Monday, September 7, 2009

What have we changed our minds about?

I'm reading one of John Brockman's collections of essays with intellectuals (actual, not pseudo, at least it seems so): What have you changed your mind about?

I find it fascinating. The question:
When thinking changes your mind, that's philosophy. When God changes your mind, that's faith. When facts change your mind, that's science.
What have you changed your mind about? Why?
Science is based on evidence. What happens when the data change? How have scientific findings or arguments changed your mind?
Brian Eno provides the introduction with some doctrinaire conservative & Bush bashing but points out how easily we tend to recognize familiar patterns and jump to conclusions based on those snippets of information. He asks, once you start picking apart your beliefs, where do you stop? "How much of the rest of your intellectual world are you going to have to pick apart?"

Chris Anderson says, after initially being agnostic on climate change he is now a carbon zealot. He claims his positions are so extreme he also annoys environmentalists. And also that some of his best friend's are black. At least, he makes one of those claims.

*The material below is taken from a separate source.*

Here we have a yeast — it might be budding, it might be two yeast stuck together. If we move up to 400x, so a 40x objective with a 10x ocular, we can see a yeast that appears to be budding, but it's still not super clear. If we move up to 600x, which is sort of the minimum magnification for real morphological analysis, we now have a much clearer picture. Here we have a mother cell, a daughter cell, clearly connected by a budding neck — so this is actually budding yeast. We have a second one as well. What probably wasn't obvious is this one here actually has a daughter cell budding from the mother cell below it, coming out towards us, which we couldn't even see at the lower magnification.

Brian Goodwin apparently has grown senile. And become a 50-year old hippy chick earth mother. Which is OK, of course.
...everything has some basic properties relating to experience or feeling... pan-sentience... the world is impregnated with some form of feeling in every one of its constituents...
It's an energy field created by all living things. It surrounds us, and penetrates us. It binds the galaxy together."
Science can now be about qualities as well as quantities, helping us to recover quality of life, to heal our relationship to the natural world, and to undo the damage we are causing to the Earth's ability to continue its evolution along with us.
Or maybe some of that was Obi-Wan Kenobi. I'm confused.

Sam Harris strikes more of a chord with us:
I once trusted in the wisdom of nature... I now believe that this romantic view of nature is a stultifying and dangerous mythology.
The history of life on this planet has been one of merciless destruction and blind, lurching renewal.
Harris asks:
[What] is the alternative to our taking charge of our biological destiny? Might we be better off just leaving things to the wisdom of nature? I once believed this. But we know that nature has no concern for individuals or for species. Those that survive do so despite her indifference.
...Could any rational strategy be more dangerous than following the whims of nature? This is not to say our growing capacity to meddle with the human genome couldn't present some moments of faustian overreach. But our fears on this front must be tempered by a sober understanding of how we got here. Mother Nature is not now, nor has she ever been, looking out for us.

We are a like mind with Harris on this point. It was also something about which we have changed our mind. Mother Nature kills. I'll post more on the book and this topic.